Vielleicht kennst auch du „Begierde“ aus deinem Leben: Du wirst neidisch, weil du dich vergleichst oder weil du dich ungerecht behandelt fühlst. Hier entsteht unterschwellig Gewaltpotenzial, das schadet. 

Versuche darum, dich von deinen Begierden zu distanzieren. Schaue sie dir aus der Distanz an: Warum bist du neidisch? Warum fühlst du dich ungerecht behandelt? Liegt das daran, dass du dich nach Liebe sehnst? Oder hättest du gerne mehr Anerkennung bekommen? Meist sind es immer wieder dieselben Hintergründe, die uns alltäglich in unseren Gedanken begegnen. Die Hintergründe hängen meist mit unserer Biografie zusammen. Wenn du die Ursprünge kennst, kannst du sie leichter akzeptieren und damit das Gewaltpotenzial reduzieren.

2. Befreiung aus festgelegtem Wertesystems

Ein Wertesystem hilft zur Orientierung. Trotzdem kann ein Wertesystem die Sicht verengen, da es nur mit Kriterien funktioniert, die bestimmen, was „richtig“ zu sein scheint. Mit einem Wertesystem lässt sich darum zwischen schön und hässlich, gut und schlecht, usw. unterscheiden. 

Befreie dich aus dem Wertesystem deiner Umgebung. Distanziere dich und hinterfrage es immer wieder neu. Hinter Wertesystemen einer Gesellschaft oder einer Gruppe stehen Geschichten, die es zum Verständnis braucht. Manches davon war vielleicht vor einigen Jahrzehnten noch aus gutem Grund gültig, darf aber heute aufgrund von anderen Umständen neu hinterfragt werden. Wu-Wei hilft dir dabei, objektiver auf eine Sache zu schauen, da Normen und Erwartungen aufgebrochen werden dürfen.

3. Rückzug aus der Verstrickung mit der Welt

Es geht dabei nicht darum, eine Selbstverwirklichung zu leben, wie sie im Westen modern ist. Denn im konfuzianischen Denken kann der Mensch nur im Rahmen von der Welt, der Gesellschaft und der Familie ein sinnvolles Leben entwickeln.
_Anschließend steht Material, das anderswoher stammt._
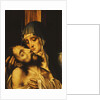 The Pieta by Luis de Morales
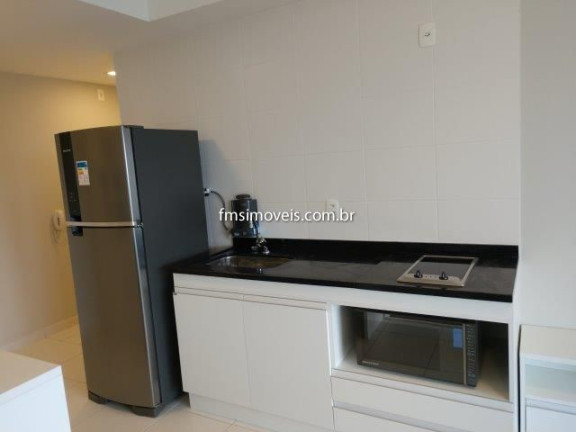 Imagem Imóvel com 1 Quarto para Alugar, 43 m² em Consolação - São Paulo Imagem Imóvel com 1 Quarto para Alugar, 43 m² em Consolação - São Paulo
Mache dich nicht abhängig von Meinungen anderer, sondern versuche Dinge objektiv zu betrachten und nach ihrer Ursache zu fragen. Nur so kannst du der gesetzten Gewalt und den Wertnormen entfliehen. Verstehe dich als Teil eines großen Ganzen, da nicht nur dein Umfeld Einfluss auf dich hat, sondern du es mit distanzierten Sichtweisen beeinflussen kannst.

Wu-Wei in einfachen Worten

Das Wu-Wei-Prinzip beim nächsten Konflikt: Nicht handeln.
Das Wu-Wei-Prinzip beim nächsten Konflikt: Nicht handeln.
(Foto: CC0 / Pixabay / Engin_Akyurt)

Fazit: Das Wu-Wei-Prinzip ist Teil einer der bekanntesten Philosophieströmungen. Darum ist es ohne alle Hintergrundinformationen nur schwer zu verstehen. Hier ist das Wu-Wei-Prinzip noch einmal kurz und in einfachen Worten erklärt:

  1. Lehne dich beim nächsten Problem zuerst einmal zurück.
  2. Warte ein bisschen ab.
  3. Schaue dir das Problem aus der Distanz an. Aus dem Nichthandeln wird dein Verstand klarer und du kannst gewaltfreie Lösungen finden.